UMH Researchers Pioneer Early Parkinson's Diagnosis via Blood Test

Early detection of Parkinson's disease could soon be possible with a simple blood test. Researchers at the UMH-CSIC Institute of Neurosciences are conducting a study that could make this diagnostic breakthrough a reality. Although not yet available for clinical use, the method has been tested on newly diagnosed patients and has proven effective.

The method studied by experts requires only a blood sample. The analysis is conducted using equipment available in many hospital laboratories and allows for the identification of genetic alterations associated with the disease in its early stages.

"The key lies in analysing the gene expression of a type of immune system cell called 'peripheral blood mononuclear cells'," explains Professor Francisco Navarrete, the first author of the article. The expert indicates that, as with all cells, they contain genetic information, but not all their genes are active all the time. Some genes are 'switched on' or 'off' according to the body's needs, for example, in response to an infection or the development of a disease.

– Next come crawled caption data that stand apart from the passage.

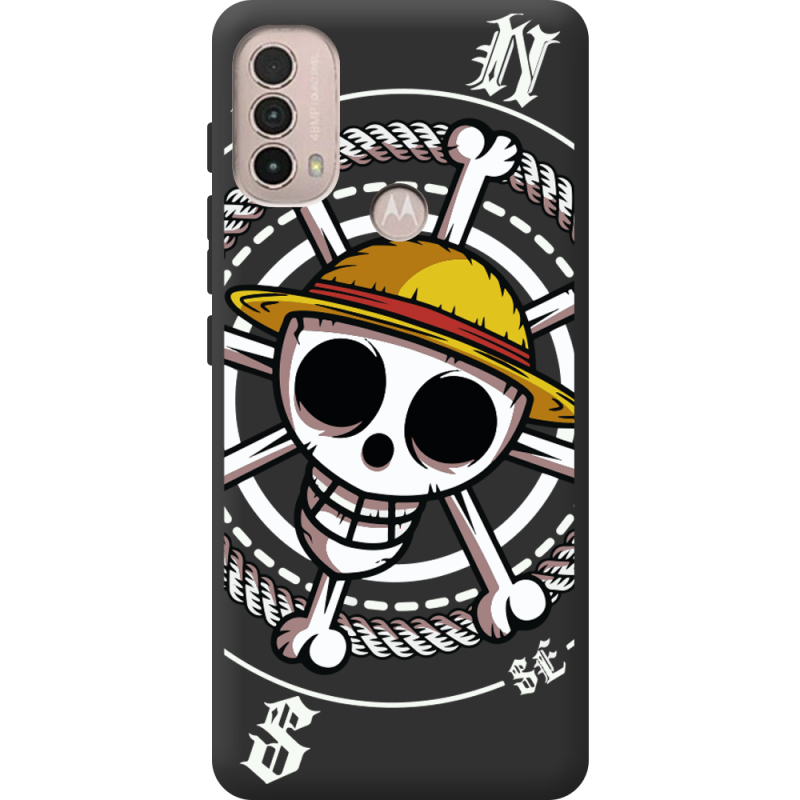 Черный чехол BoxFace Motorola E40 One Piece Компас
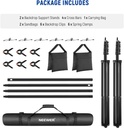 NEEWER 2.6x3m Adjustable Backdrop Chroma Stand Kit, Photography Background Support System  10099680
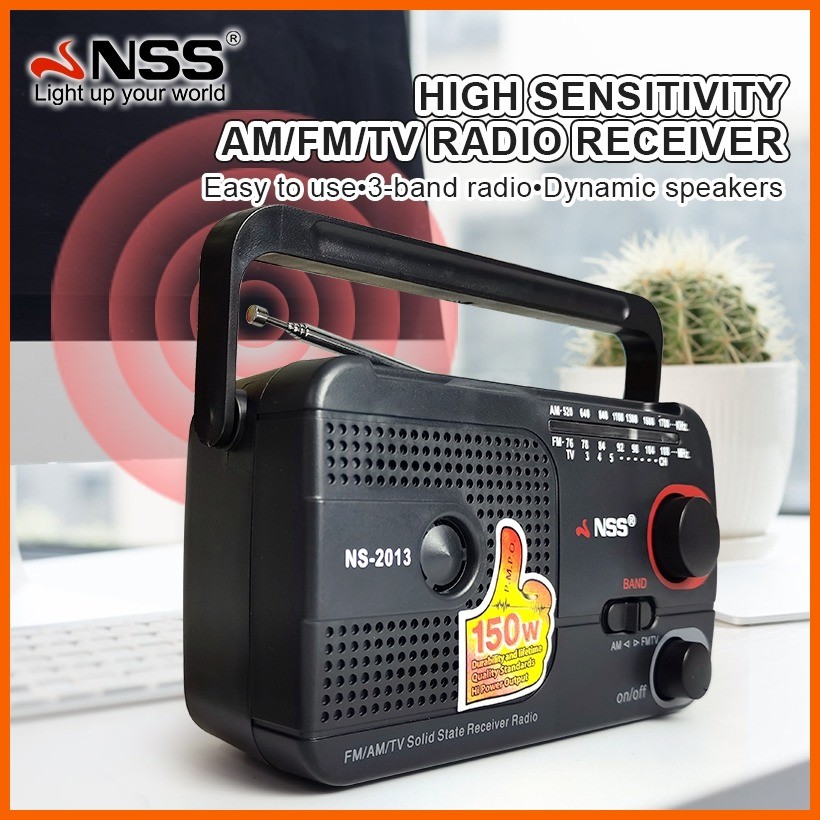 NSS portable radio AM/FM/SW 3-band radio AC/battery powered, HI-FI ...
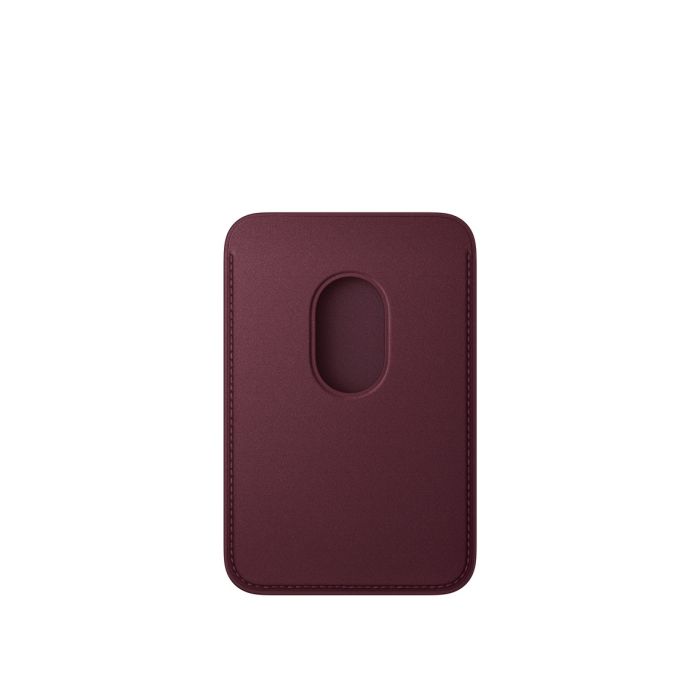 Apple iPhone FineWoven Wallet with MagSafe, Burgundy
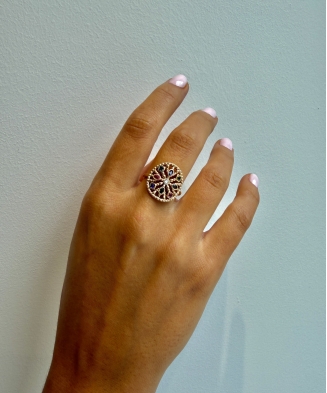 Bague "Elise" plaqué or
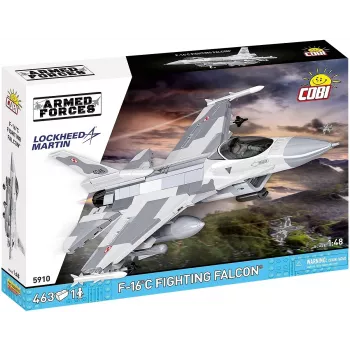 Konstruktorius Cobi F-16C Fighting Falcon – 463 dalys, modelio rinkinys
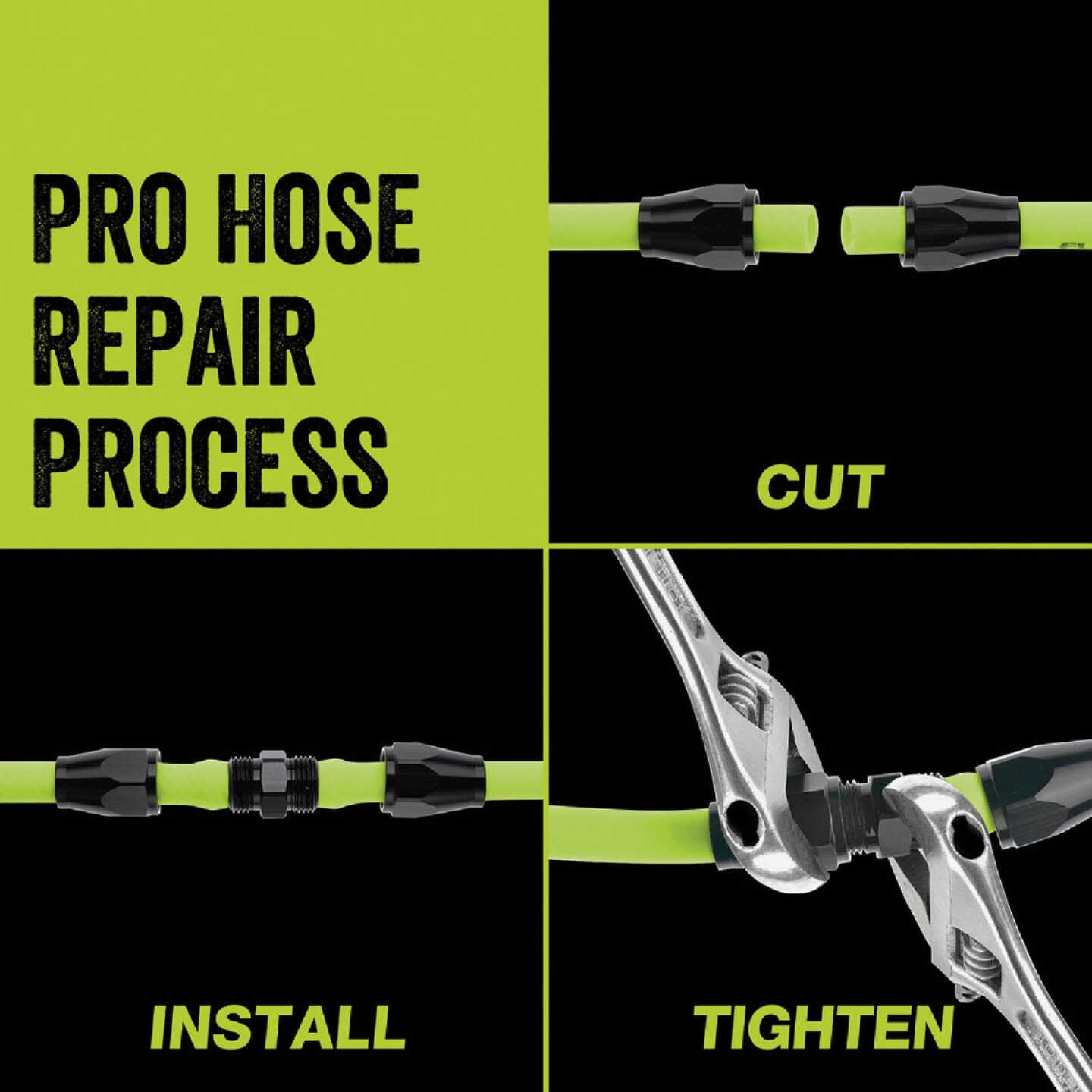 Flexzilla Pro 3/8 In. Barb Reusable Air Hose Splicer Image 3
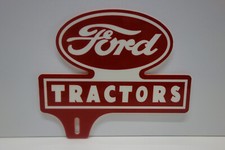 Ford Tractors License Plate Topper Die Cut 4 14 H By 5 W Great Colors
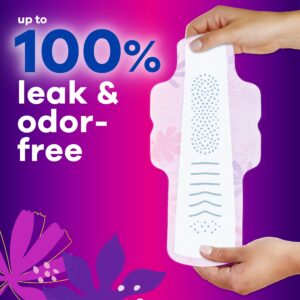 Always Radiant Feminine Pads with Wings, Size 4, Overnight Absorbency, Scented, 20 Count - Image 3
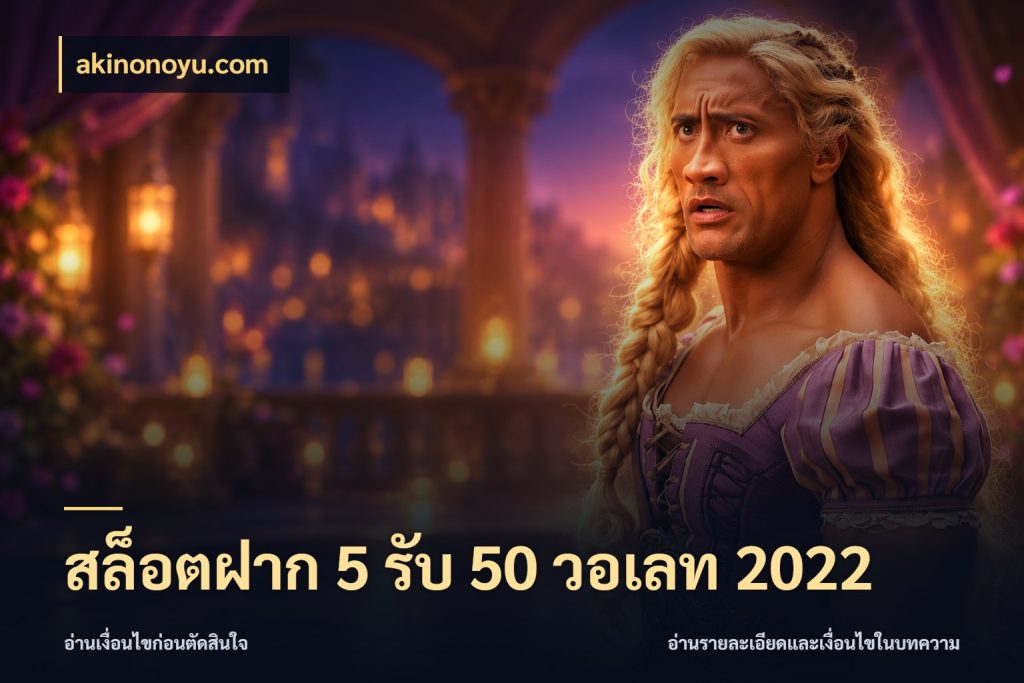 สล็อตฝาก 5 รับ 50 วอเลท 2022 จับคู่โบนัสกับสไตล์เกมที่ชอบ สไตล์ akinonoyu.com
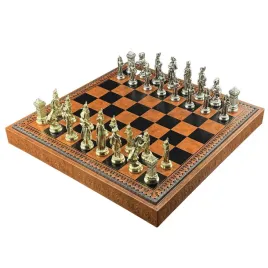 italfama-napoleon-szachy-brazowo-czarna-plansza-skorzana-48cm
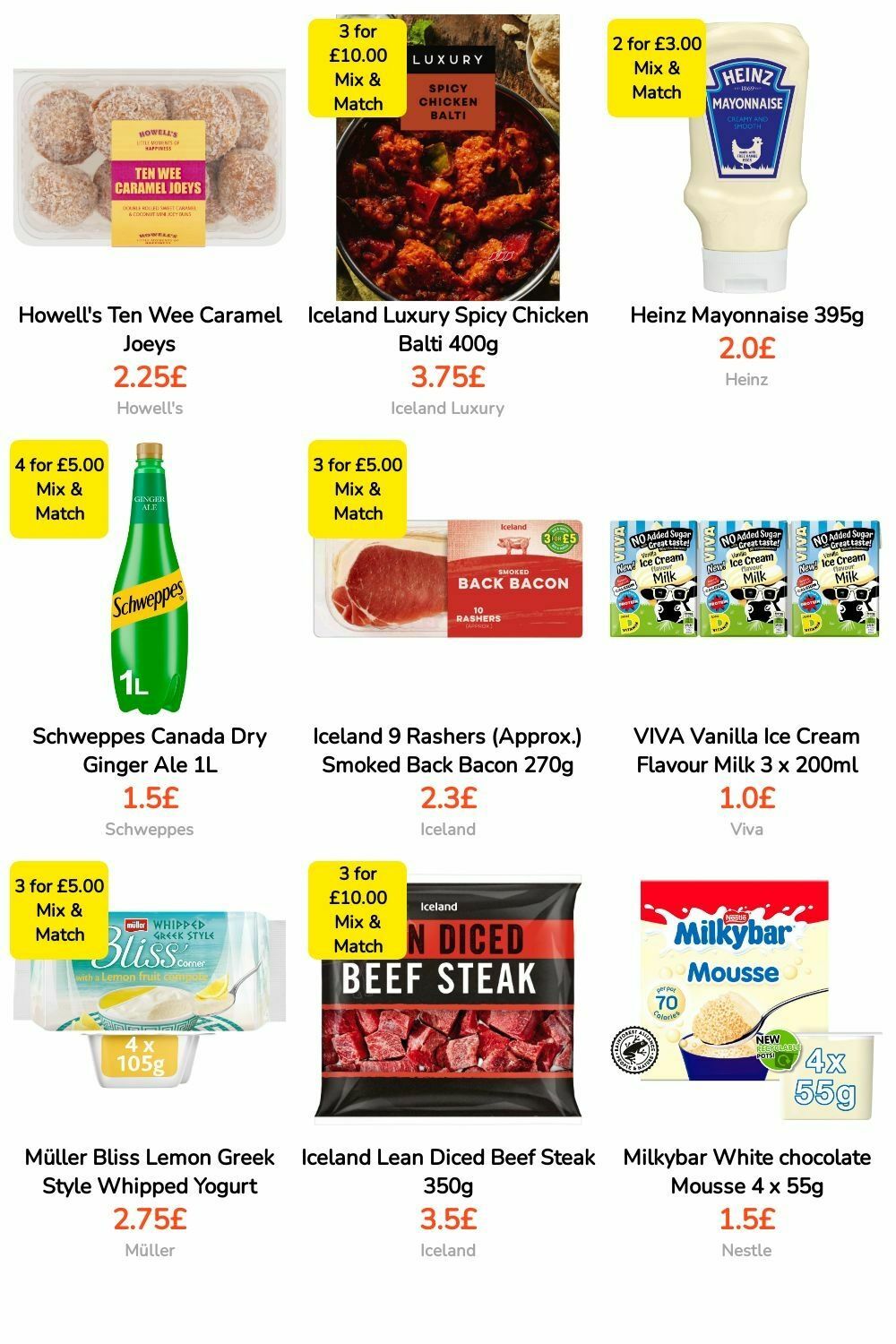 Iceland Offers from 12 May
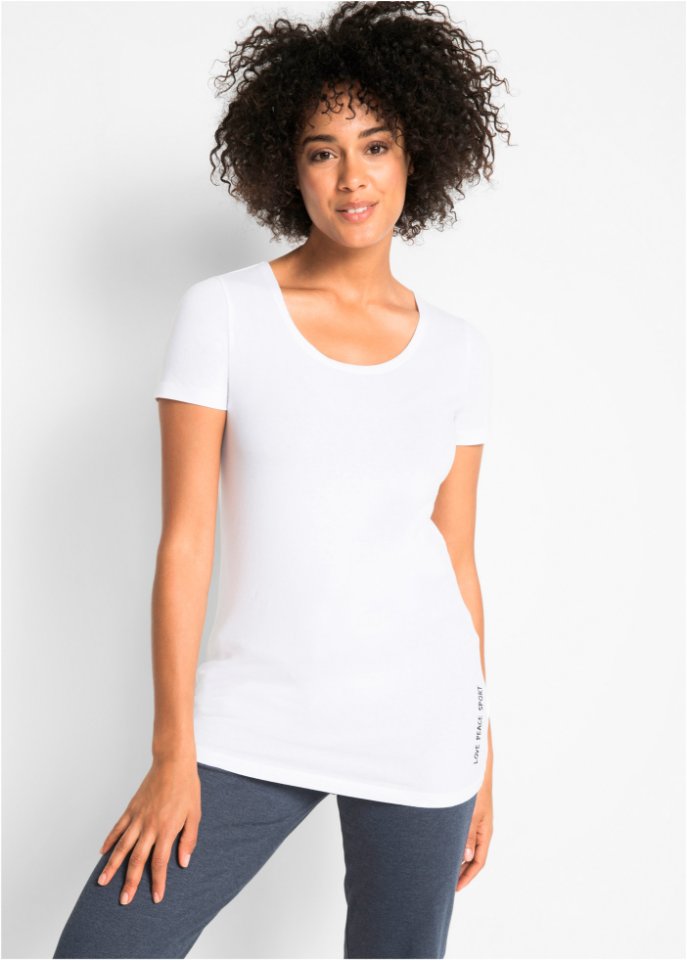 Sport-Longshirt mit Baumwolle (2er Pack)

The results, published in the journal Neurotherapeutics, are the fruit of collaboration between researchers from the Translational Neuropsychopharmacology Laboratory of Neurological and Psychiatric Diseases, led by UMH Professor Jorge Manzanares, and the Cellular Plasticity and Neuropathology Laboratory, both at the IN, the Alicante Institute for Health and Biomedical Research (ISABIAL), the Carlos III Health Institute, and the 12 de Octubre Hospital in Madrid.

Currently, the diagnosis of Parkinson's disease begins with a clinical examination when the most visible symptoms start. "However, tremors appear when there is already advanced neurological damage and can also be confused with those of other neurological diseases," explains Manzanares. "Until a few years ago, the only way to definitively diagnose the disease was through post-mortem tissue analysis," the expert points out, "but it is crucial to have non-invasive and rapid methods that detect the disease earlier."

Using sequencing techniques and bioinformatic analysis, the team identified more than twenty genes whose activity was altered in patients with Parkinson's disease who had not yet received pharmacological treatment. "These changes are not observed in healthy patients," highlights Marina Guillot, a predoctoral researcher who led the gene expression analyses alongside CSIC scientist José P. López-Atalaya, and adds: "This indicates that they could be considered good markers for diagnosis, and also provide us with clues about the biological mechanisms occurring during the development and progression of the disease."

Specifically, the researchers have identified 22 genes that are expressed differently in patients with Parkinson's disease and healthy individuals. Some of these genes are involved in immune responses, reinforcing the hypothesis that inflammation and the immune system play a role in the disease's development. Other genes are related to substance transport mechanisms in brain tissue and iron homeostasis, whose dysfunction has previously been linked to neurotoxicity.

In addition to changes in gene expression, researchers detected alterations in cellular pathways linked to survival, inflammation, cell death, and immune cell composition. "The exact onset and progression of Parkinson's disease are still not well understood, and current treatments have limited effects," notes Manzanares, who hopes these analyses will contribute to designing more effective and personalised therapies in the future.

The exploratory study was conducted with 23 patients with Parkinson's disease and 16 healthy individuals as a control group. Despite the small sample size, the researchers have compared their results with other independent studies conducted over the past decade in Italy and the United States, confirming the potential of this diagnostic method.